13 Dec 2024 to 4 May 2025
Where
Old Building, level 1
Lindenstraße 9–14, 10969 Berlin
In its broadest sense, the term “access” refers to the permission, freedom and ability to enter or leave a place – including an imaginary or virtual space. Questions of admission and affiliation are a recurring motif in Kafka’s literary texts. His unsettling descriptions of disorientation, surveillance and meaningless rules are relevant in a different way today than they were in Kafka’s era: the boundaries between private and public spheres are blurring in our age of widespread digitization, in which social networks, artificial intelligence and algorithms control access anonymously. These circumstances define the conditions for social participation. The contemporary artworks reflect these questions, also with reference to the role of art and artistry itself. The exhibition Access Kafka and accompanying program invite you to follow, participate in and further develop these reflections.
Artists: Cory Arcangel, Yuval Barel, Yael Bartana, Guy Ben-Ner, Marcel Broodthaers, Marcel Duchamp, Maria Eichhorn, Mary Flanagan, Ceal Floyer, Lynn Hershman Leeson, Tehching Hsieh, Anne Imhof, Fatoş İrwen, Uri Katzenstein, Lina Kim, Martin Kippenberger, Maria Lassnig, Michal Naaman, Trevor Paglen, Alona Rodeh, Roee Rosen, Gregor Schneider, Hito Steyerl
Find out more about the exhibition chapters on this page:
Exhibition Booklet
Download (PDF / 261.67 KB / in English and German / accessible)Access Denied
The refusal of access is everywhere in our society, whether economically, politically, or in private life. In his texts, Kafka – a legal scholar by training – gives tangible shape to that refusal. Josef K. is under threat of a trial without knowing why and by whom; Gregor Samsa, transformed into a kind of “vermin,” is shut out by his family; the man from the country waits in vain “Before the Law” for admission. Kafka himself nearly prevented the almost unrestricted access to his own works that we enjoy today: he instructed that all his manuscripts must be destroyed after his death. Despite the perceived accessibility of art, Kafka’s biography and texts show it is never certain when something becomes art, when somebody becomes an artist – or who decides. Is it the artists themselves? The public? Or the job market?
Kafka’s Last Will
Franz Kafka died on June 3, 1924, when aged only 40. Kafka almost denied future generations access to his largely unpublished estate. Find out more from this note in his will:
Transcription of the testamentary note to Max Brod (1921/22)

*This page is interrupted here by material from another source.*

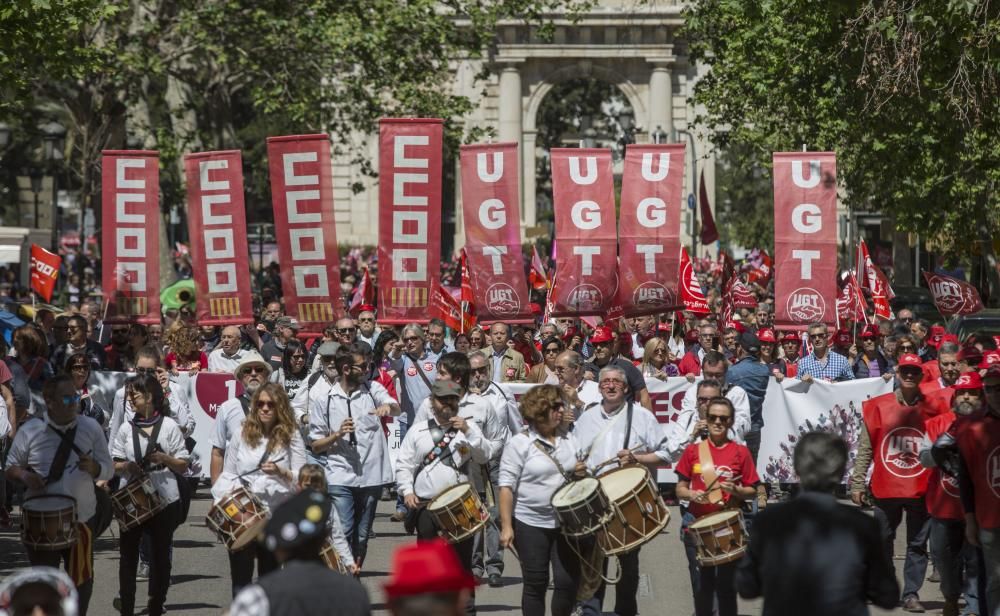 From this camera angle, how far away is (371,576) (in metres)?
12.2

“Dearest Max, my last request: Everything I leave behind me (in my bookcase, linen cupboard, my desk both at home and in the office, or anywhere else where anything may have got to and meets your eye) in the way of diaries, manuscripts, letters (my own and others’), sketches and so on, is to be burned unread and to the last page, as well as all writings of mine or sketches which either you may have or other people, from whom you are to beg them in my name. Letters which are not handed over to you should at least be faithfully burned by those who have them.
Yours
Franz Kafka”
Benjamin Balint, Kafka’s Last Trial, The Case of a Literary Legacy, New York: W.W. Norton and Company, 2018.
Kafka’s Work
Franz Kafka was a lawyer by profession. His vocation was literature. He described both as work.
The following manuscript page from the unfinished novel The Man Who Disappeared (America), written in 1914, gives an insight into his work. It is the first page of the presumed final chapter about the protagonist Karl Rossmann's encounters with the Theater of Oklahoma.
Kafka’s novel is about the young Karl Rossmann, who emigrates to America. There he is disowned by his rich uncle and is forced to seek his fortune in the labor market.
The Nature Theater of Oklahoma is looking for artists. Karl Rossmann applies and ends up getting a job as a “technical worker” due to his lack of official documents.
handwritten addition by Max Brod:
“Last chapter: The Natural Theater of Oklahama.”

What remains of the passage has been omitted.